Optimisation may not be able to solve all of humanity’s problems but it has recently made important strides to help avert the impending global warming disaster. As I’m sure you’re aware, the global warming crisis is rated by scientists worldwide as being one of the most important issues of the twenty-first century. For decades now scientists have been warning us that we need to wean ourselves off our dependency on fossil fuels. Although replacements to fossil fuel-based energy have existed for over half a century, none of them seem to have made a significant impact on the global warming issue yet. For example wind power can currently produce electricity at a price that is close to fossil fuels based electricity. However, in spite of the impending crisis, wind power is still to enter our energy mix in a big way. One of the reasons for this is not simply because of lack of political will but because of a lack of good optimisation tools. Although, in the last five years it seems that the winds of change are blowing because some of wind power’s biggest opponents have gone silent. So what has happened?

To be able to appreciate what has happened and why optimisation is so important, we need to understand what the problem is and to be honest, the problem is wind. Unfortunately, like visits from your in-laws, wind does not come when we want it to nor does it behave like we want it to (imagine generating wind power during a cyclone!). So, due to its unpredictability, naively using wind power requires companies to have back-up power plant on standby just in case the wind suddenly stops. Back-up power plants are much less efficient than a permanently on power plant and counter-intuitively a situation like this can lead to more CO2 pollution than if we had just used a coal fired power plant!

What has happened in the recent past, which has turned wind energy from a much debated dream into a reality, is an optimal use of wind turbines to generate energy. Due to such optimal use of wind turbines, in Colorado, USA, the energy company Xcel Energy (which mailed its customers to oppose a meagre 10% renewable energy contribution), is now planning on profitably sourcing up to 30% of its energy from wind by 2030 (Reference).
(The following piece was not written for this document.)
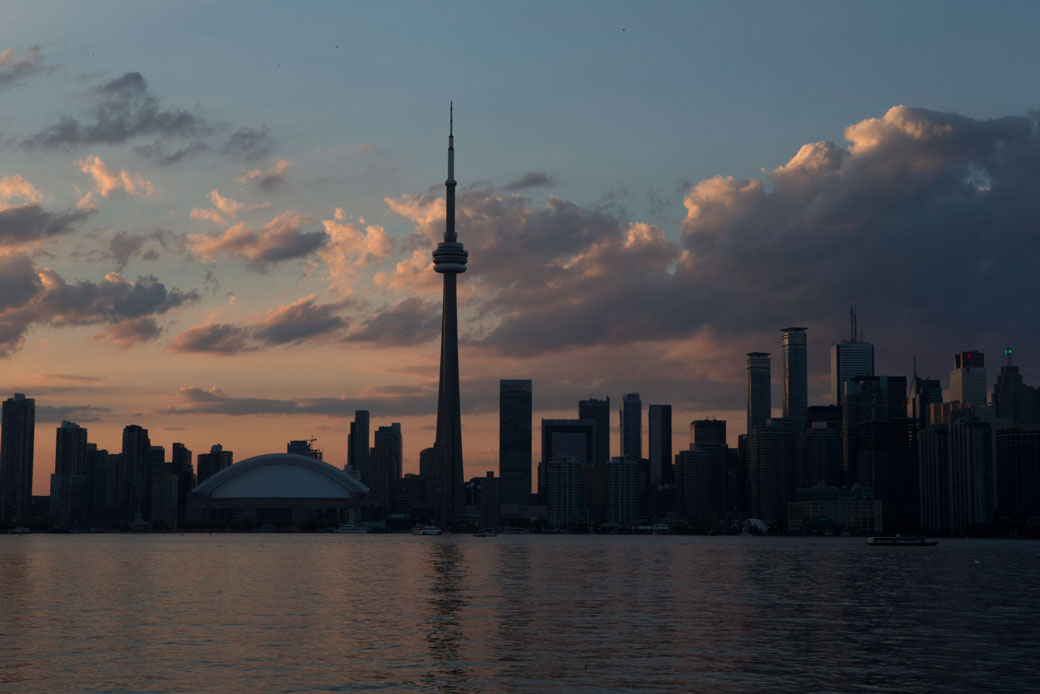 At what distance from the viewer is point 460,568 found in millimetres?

This is more than the famous 20% by 2020 proposed by Germany (which is now coming under fire due to high energy costs) and owes its success to better weather prediction and an optimal use of the wind turbines.

The case of optimising wind turbine electricity production is obviously a complicated affair given the fact that wind can change its direction and strength continuously throughout the whole day. So, in its simplest form, the challenge for those operating wind turbines is, given predictions about wind strength and direction in the next moment, how should the turbine’s parameters be adjusted to maximise electricity output. These parameters typically translate into physical properties of the wind turbine such as the direction the turbine is facing, the angle of the turbine blades, the speed and torque of the turbine drivetrain, and so on. Given this significant challenge, even if we could perfectly predict the wind conditions in the next moment, we probably would have no way of knowing the perfect parameter values for each given set of wind conditions. To find a solution to this problem, scientists have turned to a set of tools used in big data called machine learning tools to predict optimal parameters (and also to help predict the weather too!).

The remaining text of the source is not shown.